= Requirement =
Pictures are to be left out, and only the lines below starting at the one with "Residence Bedside Systems: Fushio" and ending at the one with "Just a reminder: the" are to be reproduced, each exactly, both ends included.

Segment Start: Source material

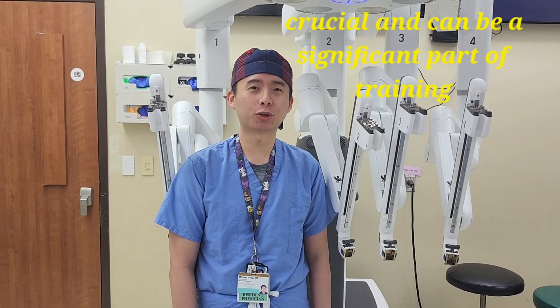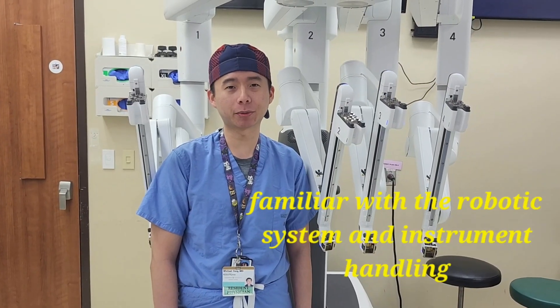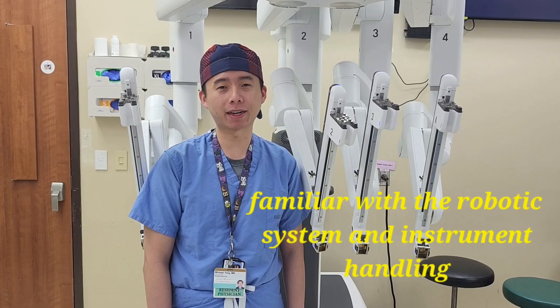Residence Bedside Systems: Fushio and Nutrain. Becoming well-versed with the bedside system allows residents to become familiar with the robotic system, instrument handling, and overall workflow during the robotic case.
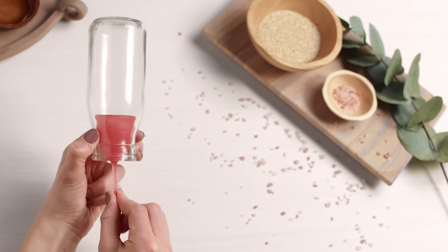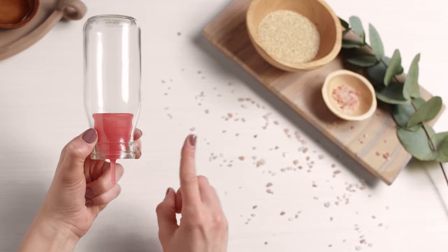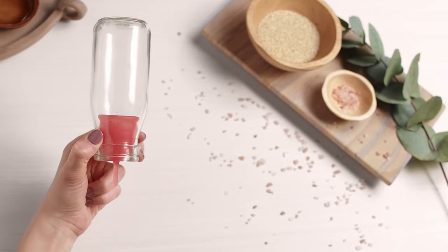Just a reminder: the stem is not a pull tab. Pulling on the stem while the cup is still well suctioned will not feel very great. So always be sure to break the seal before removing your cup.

Segment End: Source material
Segment Start: Source material

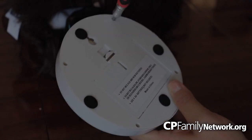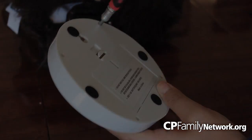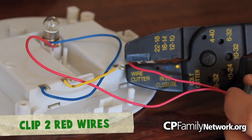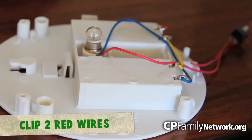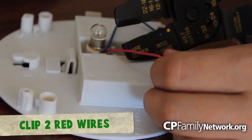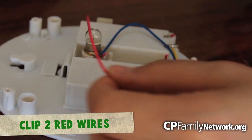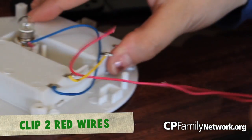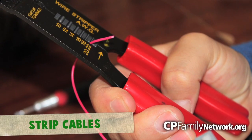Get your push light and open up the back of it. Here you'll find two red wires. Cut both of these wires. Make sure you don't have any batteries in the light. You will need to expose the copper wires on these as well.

Segment End: Source material
Segment Start: Source material

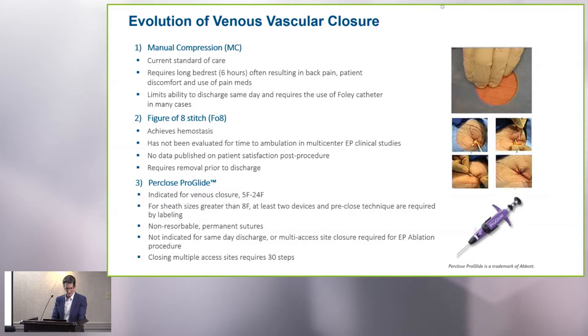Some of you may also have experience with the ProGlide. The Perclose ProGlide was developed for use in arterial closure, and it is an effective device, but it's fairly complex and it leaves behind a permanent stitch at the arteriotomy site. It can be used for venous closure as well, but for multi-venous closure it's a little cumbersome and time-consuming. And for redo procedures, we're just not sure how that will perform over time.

Segment End: Source material

= Exercise result =
Residence Bedside Systems: Fushio and Nutrain. Becoming well-versed with the bedside system allows residents to become familiar with the robotic system, instrument handling, and overall workflow during the robotic case.
Just a reminder: the stem is not a pull tab. Pulling on the stem while the cup is still well suctioned will not feel very great. So always be sure to break the seal before removing your cup.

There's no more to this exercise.